La Fondation David Suzuki (DavidSuzuki.org | @DavidSuzukiFdn) est un organisme environnemental canadien à but non lucratif de premier plan, fondé en 1990. Nous fonctionnons en anglais et en français, avec des bureaux à Vancouver, Toronto et Montréal. Nous collaborons avec toutes les personnes au Canada, y compris les dirigeants et les communautés des Premières nations, les gouvernements, les entreprises et les particuliers, afin de trouver des solutions pour créer un Canada durable par le biais de la recherche scientifique, des connaissances écologiques traditionnelles, des communications et de l’engagement du public, ainsi que de solutions politiques et juridiques novatrices. Notre mission est de protéger la diversité de la nature et le bien-être de toute vie, aujourd’hui et pour l’avenir.
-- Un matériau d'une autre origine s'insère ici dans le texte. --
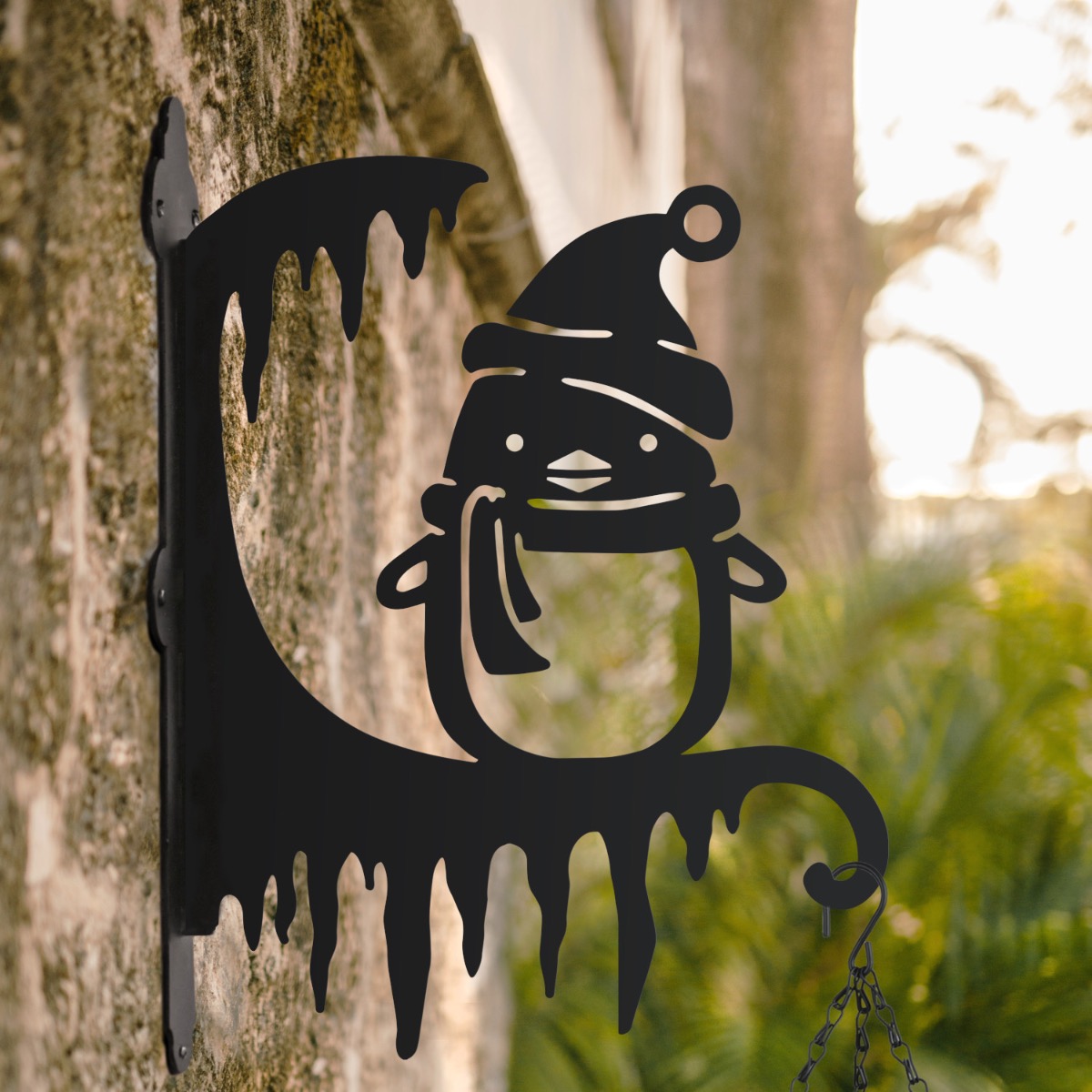 Winter Penguin Hanging Basket Bracket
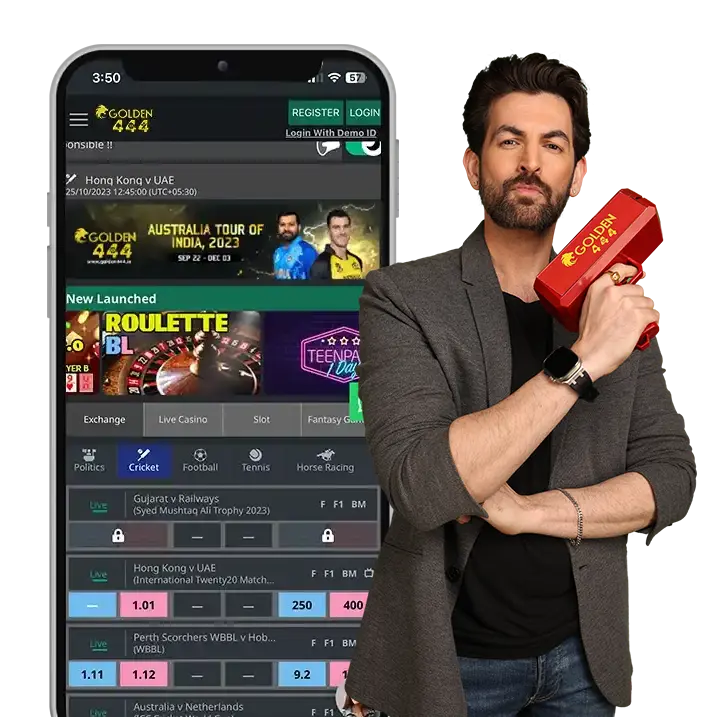Golden444 app banner showing live cricket betting interface — online cricket ID and live odds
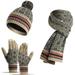Farfi Women Winter Warm Vintage Pattern Acrylic Knitted Woolen Hat Scarf Gloves Set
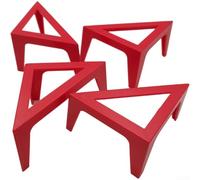 Set di 4 supporti per pittura portatili per colata in acrilico e supporto per lavagna, supporti in plastica stabili per artisti, studenti, hobbisti, scuole (rosso)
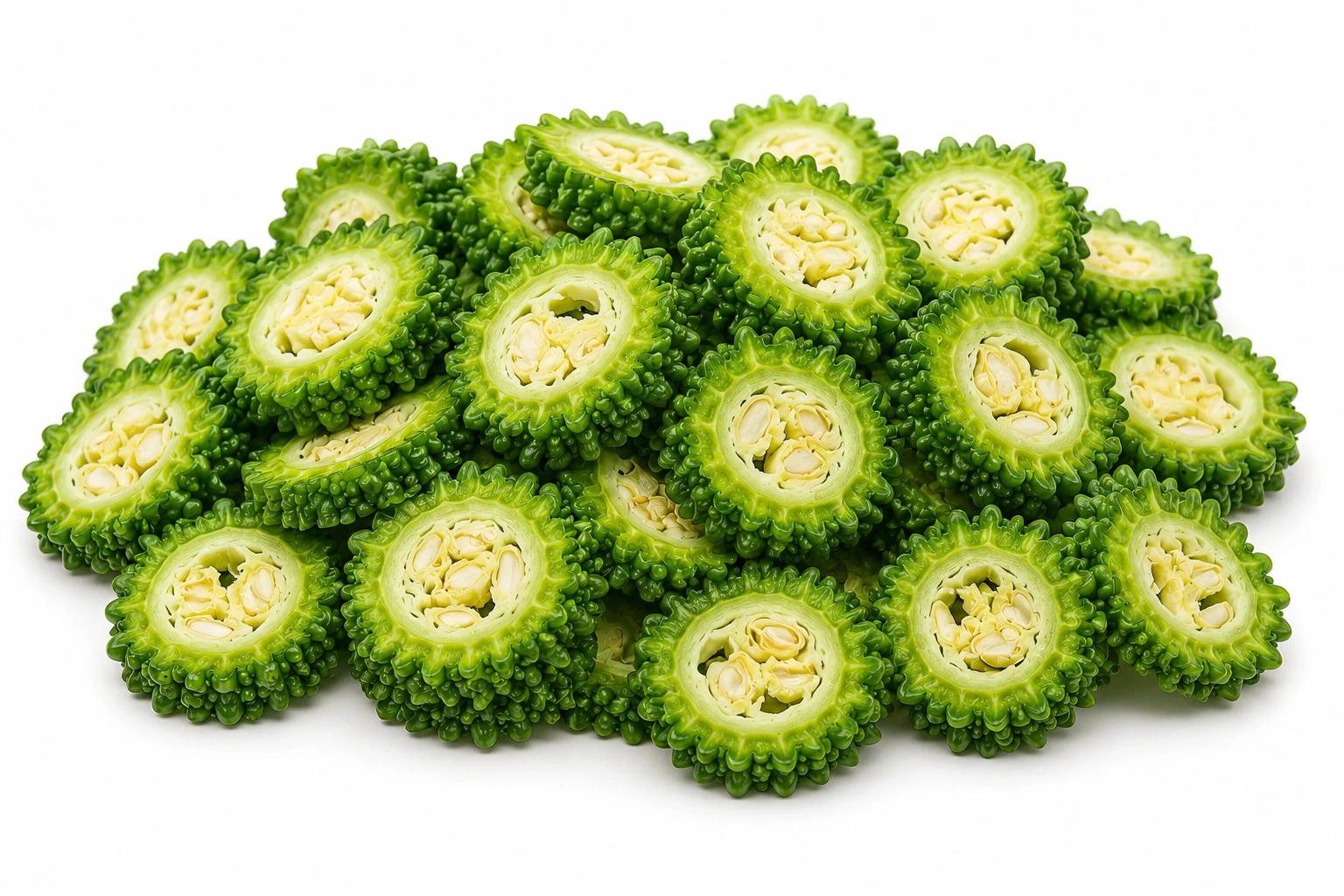 Fresh Bitter Gourd (Karela) Cut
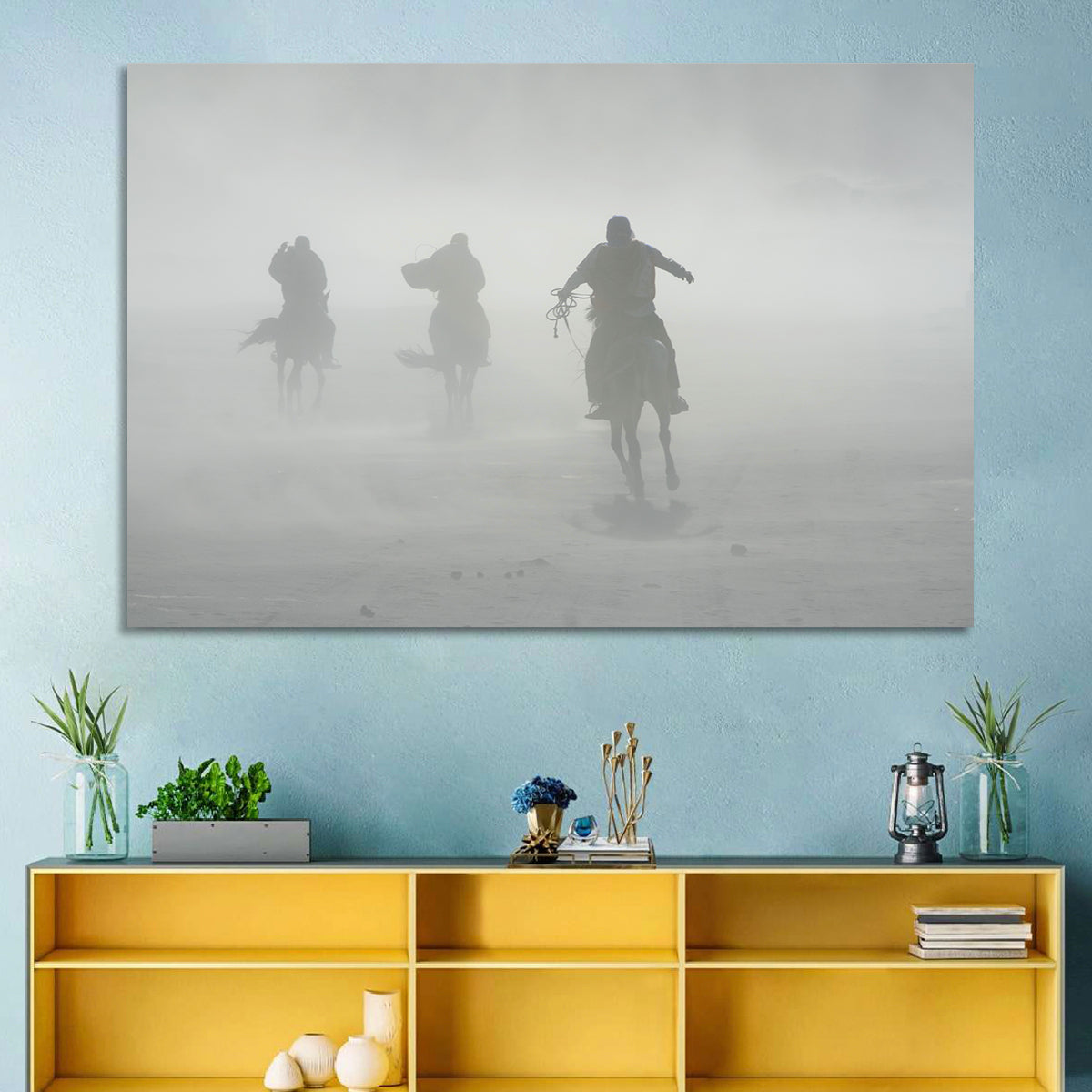 Silhouetted Horse Riders in Mist Wall Art in a room, landscape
Nous envisageons un jour où nous agirons tous en comprenant que nous ne faisons qu’un avec la nature.

L’Association canadienne des médecins pour l’environnement (ACME) est une organisation à but non lucratif dirigée par des médecins qui travaillent à sécuriser la santé humaine en protégeant la planète. Depuis sa formation en 1993, l’ACME travaille à atteindre des victoires politiques en collaboration avec plusieurs partenaires des milieux de l’environnement et de la santé. D’un océan à l’autre, l’organisation opère partout au pays avec des comités régionaux actifs dans la majorité des provinces et tous les territoires.

Équiterre est actif dans plusieurs domaines liés à la crise climatique et à l’environnement. L’organisme intervient également sur des questions clés pour lesquelles il possède une expertise, notamment l’alimentation et l’agriculture durables, l’énergie, les combustibles fossiles et la santé.